The first year after I moved away and my mom didn’t write or call on my birthday, I admit it stung; but I quickly accepted that international calls were too expensive and snail mail in those days required a trip to the post office—efforts I couldn't expect from her. She could cut out hundreds of tiny, coordinating fabric shapes, in perfect sizes, and sew them together in perfect repeating patterns to create the most beautiful blankets, but popping by the post office for an airmail stamp was an obviously egregious expectation. To this day when someone brings up what I want for my birthday I beg off any need for festivities as I’d rather be pleasantly surprised than unintentionally reminded that it’s not quite the notable day I’d expected.

Mom was a tea drinker - hot, iced, peach and herbal blends. She despised coffee. I knew from past visits that if I dug into the back of the cabinet, I’d find the jar of instant coffee I had purchased on a previous visit years ago. Instant coffee is incredibly resilient—and though it has its own unique, muted smell and taste—it does the trick. Honestly, most of my senses go numb from the moment I land at the Kansas City airport. I have to detach from the present moment to survive the palpable forces bouncing around when we are together.

Coffee is also my anchor. It brings a touch of familiarity when I’m feeling out of sorts, which is how I feel the second I step into her home. My focus on the coffee—finding the jar, boiling the water, the slightly bitter aroma—gives me a necessary break from the intense loneliness that sharing a room with my mother brings.

I take off my coat in the main room of her apartment, which serves as a combined living, dining, and kitchen space. There is a basket full of crafting magazines under the coffee table and a turn of the century secretary desk open and covered with unopened mail. A maple floor lamp with a faded and tasseled lampshade has provided the backdrop for her living space since my earliest memory. Everything has changed over the last half decade and yet the same wooden rocker with the puppy chew marks on the runners remains present to remind me this place and this person have always been a part of me. I hang my coat on a dining chair, interrupting my mom as she rambles on about how she sourced each chair individually to create an "eclectic vibe" for her Amish-style table. It took months, she says, to find the perfect collection. She loves the old-world hobbies: antiquing, quilting, making jam.

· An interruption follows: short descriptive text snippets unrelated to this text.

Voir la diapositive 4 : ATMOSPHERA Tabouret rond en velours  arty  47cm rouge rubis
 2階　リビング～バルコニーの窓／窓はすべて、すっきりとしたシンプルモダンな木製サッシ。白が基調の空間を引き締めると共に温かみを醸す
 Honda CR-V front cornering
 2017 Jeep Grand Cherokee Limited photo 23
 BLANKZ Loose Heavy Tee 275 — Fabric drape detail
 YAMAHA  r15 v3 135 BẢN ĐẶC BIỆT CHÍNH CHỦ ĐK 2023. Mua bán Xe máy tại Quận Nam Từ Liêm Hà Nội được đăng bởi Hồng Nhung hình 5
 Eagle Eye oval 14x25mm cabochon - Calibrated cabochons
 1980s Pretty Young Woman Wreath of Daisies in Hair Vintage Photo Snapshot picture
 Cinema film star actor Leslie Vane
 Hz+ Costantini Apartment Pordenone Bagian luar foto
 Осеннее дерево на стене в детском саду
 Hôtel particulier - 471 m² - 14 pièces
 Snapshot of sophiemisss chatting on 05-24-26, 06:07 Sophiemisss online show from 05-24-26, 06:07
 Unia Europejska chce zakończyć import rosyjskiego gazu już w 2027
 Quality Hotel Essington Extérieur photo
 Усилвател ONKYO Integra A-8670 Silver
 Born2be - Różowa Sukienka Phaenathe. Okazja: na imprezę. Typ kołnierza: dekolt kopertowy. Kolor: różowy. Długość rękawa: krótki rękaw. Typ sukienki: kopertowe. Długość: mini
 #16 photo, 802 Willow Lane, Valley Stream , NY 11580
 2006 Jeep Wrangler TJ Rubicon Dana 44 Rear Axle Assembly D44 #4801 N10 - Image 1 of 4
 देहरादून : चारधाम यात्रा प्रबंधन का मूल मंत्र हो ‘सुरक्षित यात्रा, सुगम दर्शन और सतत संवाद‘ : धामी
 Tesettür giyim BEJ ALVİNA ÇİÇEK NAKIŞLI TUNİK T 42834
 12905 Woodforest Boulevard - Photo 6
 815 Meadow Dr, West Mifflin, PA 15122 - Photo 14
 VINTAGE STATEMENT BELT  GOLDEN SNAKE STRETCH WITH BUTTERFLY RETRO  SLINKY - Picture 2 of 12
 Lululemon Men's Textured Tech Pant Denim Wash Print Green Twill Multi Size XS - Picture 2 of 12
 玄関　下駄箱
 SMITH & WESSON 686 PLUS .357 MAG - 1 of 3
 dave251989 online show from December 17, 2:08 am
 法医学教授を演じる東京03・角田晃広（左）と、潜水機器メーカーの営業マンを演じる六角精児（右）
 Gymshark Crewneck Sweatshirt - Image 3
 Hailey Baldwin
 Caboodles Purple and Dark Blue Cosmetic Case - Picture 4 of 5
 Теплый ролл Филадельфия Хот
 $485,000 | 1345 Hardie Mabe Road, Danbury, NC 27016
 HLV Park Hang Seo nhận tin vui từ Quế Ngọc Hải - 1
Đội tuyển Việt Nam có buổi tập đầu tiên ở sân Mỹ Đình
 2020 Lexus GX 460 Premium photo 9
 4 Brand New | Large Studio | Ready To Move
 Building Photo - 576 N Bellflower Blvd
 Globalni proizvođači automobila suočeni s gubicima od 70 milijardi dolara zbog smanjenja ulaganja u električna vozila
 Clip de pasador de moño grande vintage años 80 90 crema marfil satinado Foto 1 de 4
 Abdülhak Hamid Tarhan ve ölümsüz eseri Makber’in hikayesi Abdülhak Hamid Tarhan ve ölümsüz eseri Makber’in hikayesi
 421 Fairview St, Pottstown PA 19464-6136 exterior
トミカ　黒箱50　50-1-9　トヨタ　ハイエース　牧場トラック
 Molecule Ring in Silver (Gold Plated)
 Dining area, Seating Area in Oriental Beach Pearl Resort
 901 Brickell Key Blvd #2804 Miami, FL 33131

I am the opposite. I work hard, and in my free time, I take care of my family and pets. Years ago, I realized I was not given the luxury of a calm enough upbringing to explore interests. Learned "survival mode" is real; my energy is busy scanning every room for peril, observing every person to the point I can typically predict behavior with 95% accuracy. My inaccuracy is so rare I remember each time I’ve been surprised by another person’s unanticipated behavior, always a treat. My husband can verify this talent.

When I open the cabinet to look for my coffee, my mom says there is a pot in the refrigerator. What?

Seems her new boyfriend loves coffee in the morning before he heads out to the sale barn where he works outdoors with livestock all day. He prefers drip to instant. Since he leaves half a pot behind, she told him he could just reheat the leftovers until he finishes the pot, to avoid wasting any. This man’s sacred morning ritual—if you know, you know—before he heads out in the elements to tend to farm animals all day, has been diminished to a cup of reheated, stale leftovers. It is a bitter reminder that my mother does not actually care about his happiness and there will be no daily, morning sunshine in a cup for him.

"Do you hate him?" I ask. "Because this is a totally miserable way for him to start his day." I’m half joking but also not.

She laughs it off. "Oh, don’t be dramatic. He’ll survive."

In that moment, my childhood was summed up. My mother’s goal was always just for everyone else to survive. Even the ones she might love. Creature comforts, hobbies, warmth, energy, birthday wishes—that was all for her. Everyone else? They could just survive.

And by the grace of God, and coffee, I have. I even survived that visit. My granny lived just around the corner and made a fresh pot every morning. I’d start my mornings there.